また、海外企業との交流も増えたため、商品を日本に輸入して販売したり、日本にはない業務効率化システムを社内に適用するということも増えているでしょう。
このように、海外の商品やサービスを日本市場向けに作り替える作業をローカライズと言います。それに伴なって、マニュアルも日本語版マニュアルを作る「ローカライズ翻訳」が増えてきています。
しかし、海外資本の日本法人、外資系企業の日本支社などの場合、本国から運営マニュアル、教育マニュアルをポンと渡されて「あとは任せた」が多く、ローカライズに苦労した経験を持つ方もいるのではないでしょうか。
ローカライズ翻訳は、単純な翻訳作業ではないため、仕入れた商品や使いたいシステムを使い始めるまでの壁が高くなってしまいます。
たとえ、面倒なローカライズ作業を外注に出すとしても、
・原稿データに不備が多いため確認が必要
・取り寄せできないデータはスキャン加工するなど、ルールが必要
・その業界特有の専門英語が使われている場合の翻訳
これらのことが考えられますし、他にもイレギュラー対応があると考えると、思っている以上にコストが嵩みます。
せめて外注に出す前に内部で整理をしておけば、無駄なコストを支払わなくて済みますし、今後海外商品、サービスを利用する場合のテンプレートも作っておけます。
そこで今回は、マニュアルのローカライズ翻訳の流れと翻訳の際に気をつけるべきポイントをお伝えします。
ローカライズ翻訳の流れと注意点
翻訳作業に取りかかる前に、まず全体像を把握する必要があります。
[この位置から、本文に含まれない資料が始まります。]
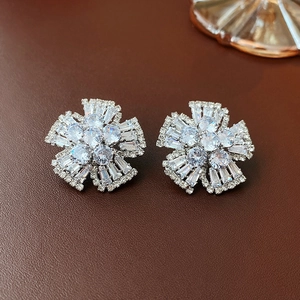 Macro shot of silver flower earrings with white zircon stones on brown leather background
まずは、時間をかけてでも全体の構成や注意点を把握しておきましょう。
日本語マニュアルを作る軽いイメージで作業をすると、失敗してしまうかもしれません(日本語のマニュアル作りも決して簡単ではありませんが)。
マニュアル翻訳の流れ1.海外で使われているマニュアル、資料を取り寄せる
まずは、海外で使われているマニュアルの現物資料がないとお話になりません。実際に使われているマニュアルならば、データだけではなく、実マニュアルを取り寄せましょう。
実際のマニュアルを見ることで、フォントサイズやレイアウトなどがわかりますし、何度も目を通すことで、完成形をイメージすることができます。
もちろん、商材や商品の実物チェックも忘れずに。
マニュアル翻訳の流れ2.使える素材をチェックする
挿絵に使われている画像や写真が使えるのかを最初にチェックします。チェックとは、「あるかないか+使えるかどうか」のチェックです。
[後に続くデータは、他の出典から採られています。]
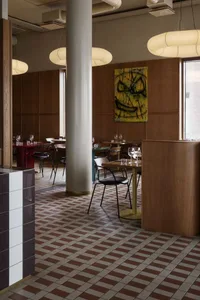 Interior of a modern restaurant with wood walls, metal tables, and glass windows.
1.素材データに不足がないか、元データのサイズや解像度確認も必要
2.会社同士での素材の権利、そもそもの著作権も確認
マニュアル翻訳の流れ3.どこまで専門性があるか確認する
専門性が高い商品やサービスの場合、その分野の方でなければわからない言い回しや単語を使っていることがあります。
専門用語の翻訳は向き不向きがあるため、複数の翻訳会社に対して、分野における翻訳が可能かどうか聞いておきましょう。
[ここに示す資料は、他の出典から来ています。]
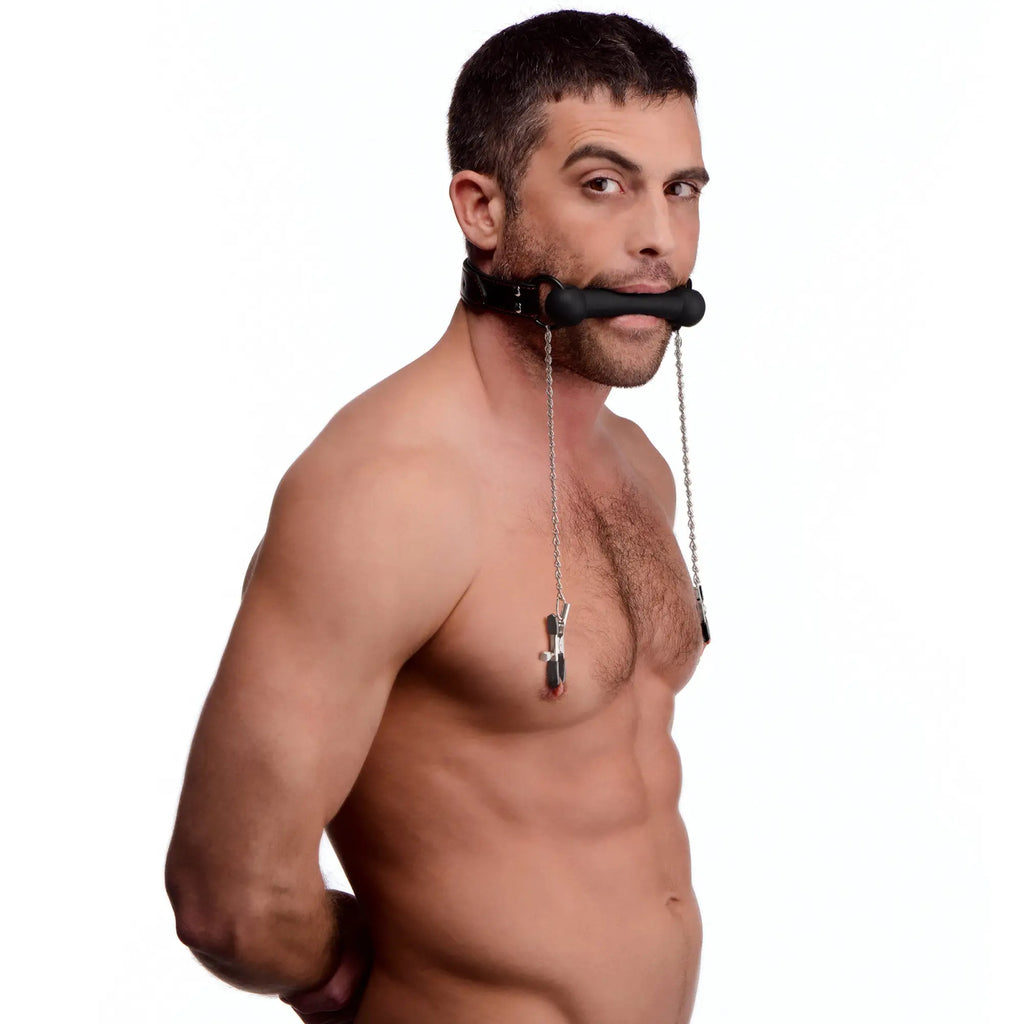 A man wearing a black Strict silicone bit gag with silver chains attached to metal nipple clamps.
言語、業界、誰に対するどんな商品・サービスなのか、いつ頃の商品・サービスなのかを理解し、翻訳会社にチェックしてもらっても良いでしょう。
マニュアル翻訳の流れ4.挿絵の意味を理解する
画像や写真が多く使われているマニュアルは、内容全体像をつかむ大きなヒントになります。全体像を掴むためには、ある程度画像や写真の使われ方から意味がわかるようにイメージしましょう。
文化が違うため、画像も日本版に合わせてローカライズする必要性があります。もちろんその場合は、海外現地の許可を取らなければいけないため、しっかりと意味を理解しておきましょう。
マニュアル翻訳の流れ5.翻訳の依頼をする
ローカライズ翻訳を社外に依頼する場合は、前述した通り複数の翻訳会社に依頼しましょう。
大筋は1社に任せて専門用語のチェックをしてもらいます。また専門用語周辺の文章は別会社に依頼して、二重チェックをすると誤訳は少なくなります。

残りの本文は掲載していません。